**Problem description**
The records below need to be repeated exactly, with every picture left out.

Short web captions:

▽

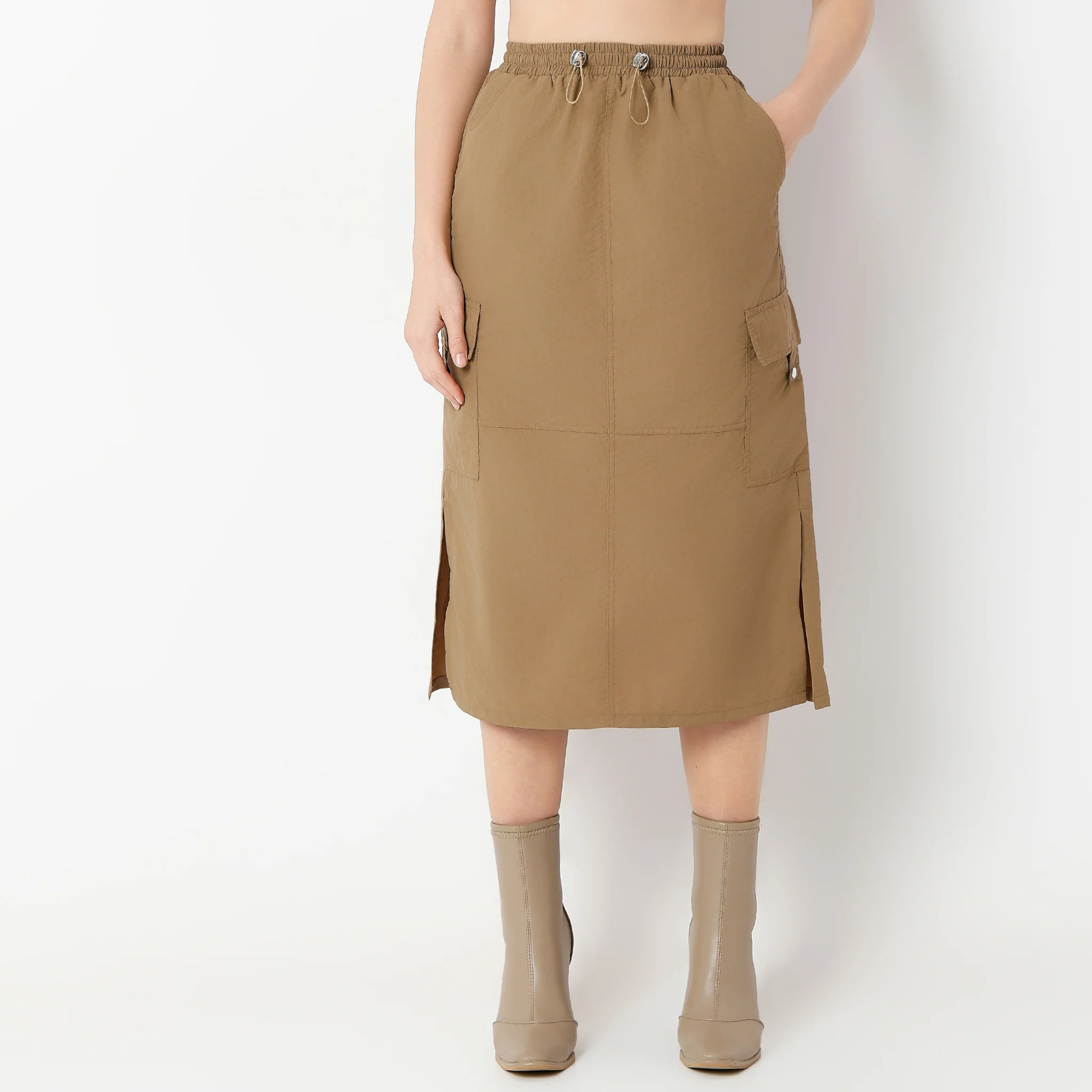 Calf Length Solid Betty Skirt With Side Slit And Patch Pockets - Image 2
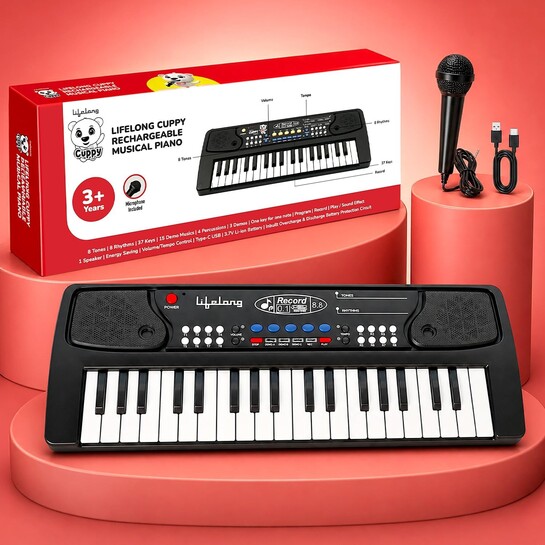 Best Seller Wireless Rechargeable Piano Keyboard for Kids with Mic - Rs.599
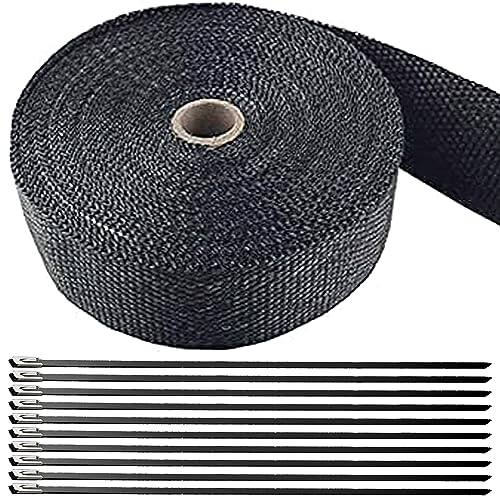 Bande Thermique Échappement Moto 5M,Foneso Bande Thermique Echappement avec 10 Noir Collier de Serrage Inox,Ruban Echappement Utilisé pour de Collecteur d'échappement de Moto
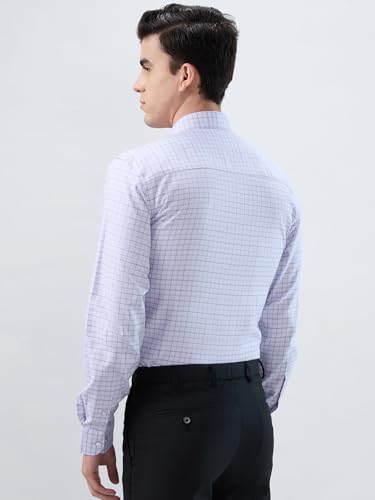 Raymond Men Contemporary Fit Structure Pattern Pure Cotton Semi Cutaway Collar Full Sleeve Formal Shirt Grey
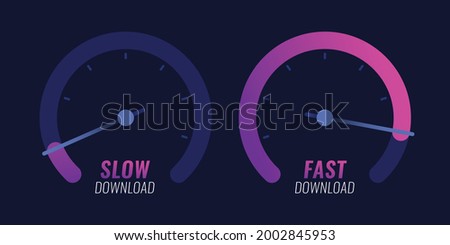 Speedometer internet speed level indicator vector design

△

**Solved problem**
 Calf Length Solid Betty Skirt With Side Slit And Patch Pockets - Image 2
 Best Seller Wireless Rechargeable Piano Keyboard for Kids with Mic - Rs.599
 Bande Thermique Échappement Moto 5M,Foneso Bande Thermique Echappement avec 10 Noir Collier de Serrage Inox,Ruban Echappement Utilisé pour de Collecteur d'échappement de Moto
 Raymond Men Contemporary Fit Structure Pattern Pure Cotton Semi Cutaway Collar Full Sleeve Formal Shirt Grey
 Speedometer internet speed level indicator vector design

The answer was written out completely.